● **Source data**
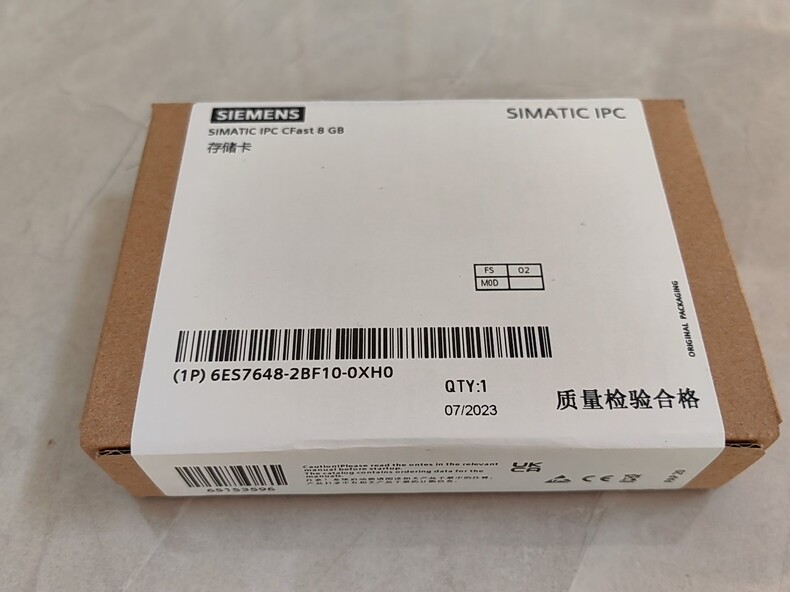 Siemens 6ES7648-2BF10-0XH0 Модуль S7-300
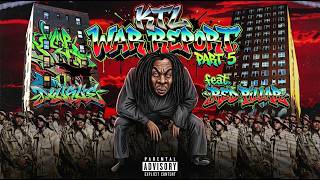 The KTL WAR Report 5 | Th3rd Eye Thursdays feat Red Pillar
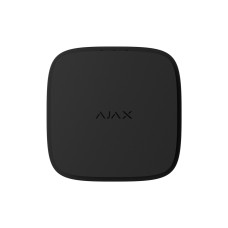 Датчик диму, температури та чадного газу Ajax FireProtect 2 RB (Smoke | Heat | CO) (замінюючі батарейки) (чорний)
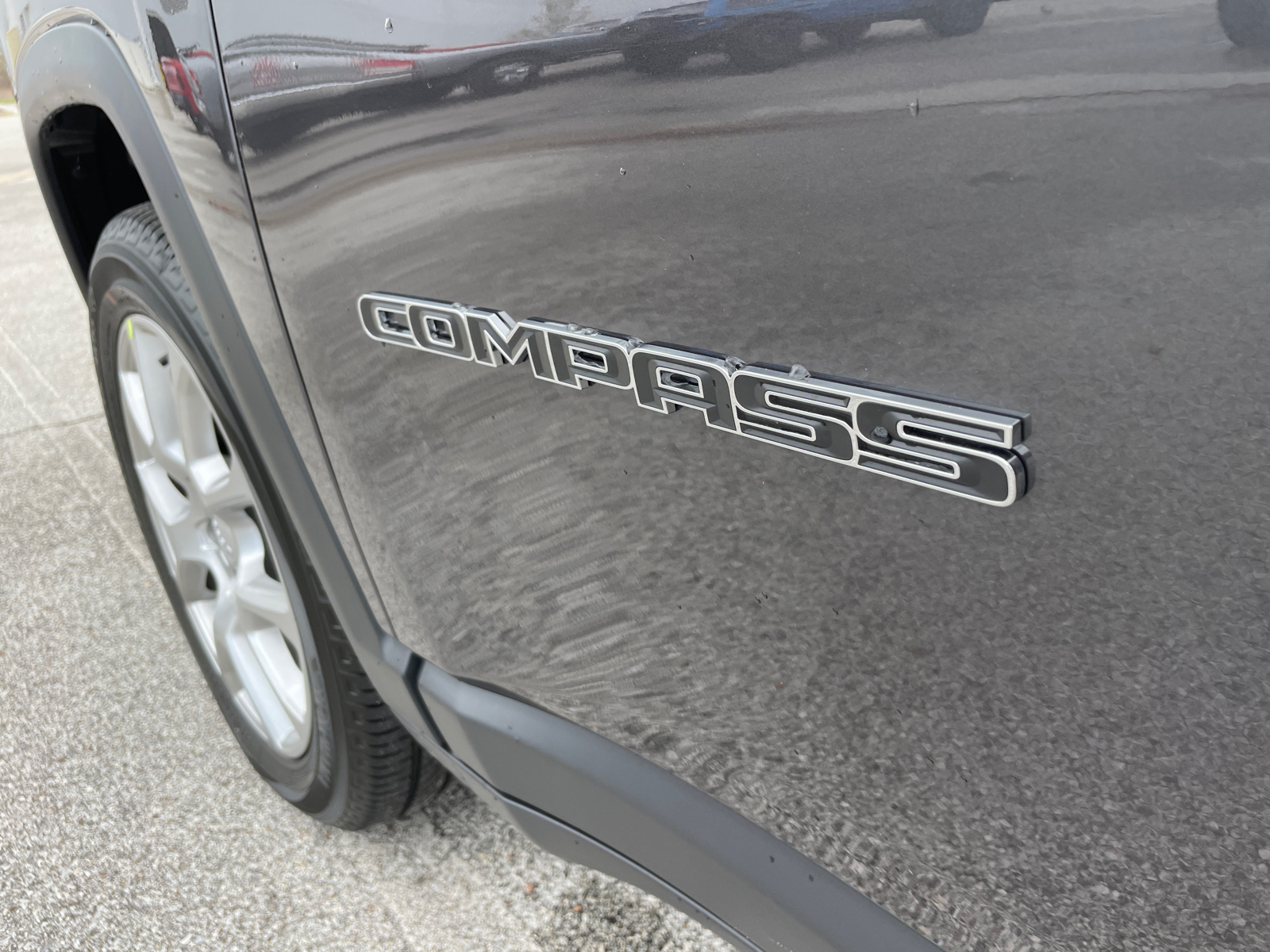 2024 Jeep Compass Latitude Lux 48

● **Task statement**
Could all the data above be given again exactly, leaving out its images?

● **Exercise response**
 Siemens 6ES7648-2BF10-0XH0 Модуль S7-300
 The KTL WAR Report 5 | Th3rd Eye Thursdays feat Red Pillar
 Датчик диму, температури та чадного газу Ajax FireProtect 2 RB (Smoke | Heat | CO) (замінюючі батарейки) (чорний)
 2024 Jeep Compass Latitude Lux 48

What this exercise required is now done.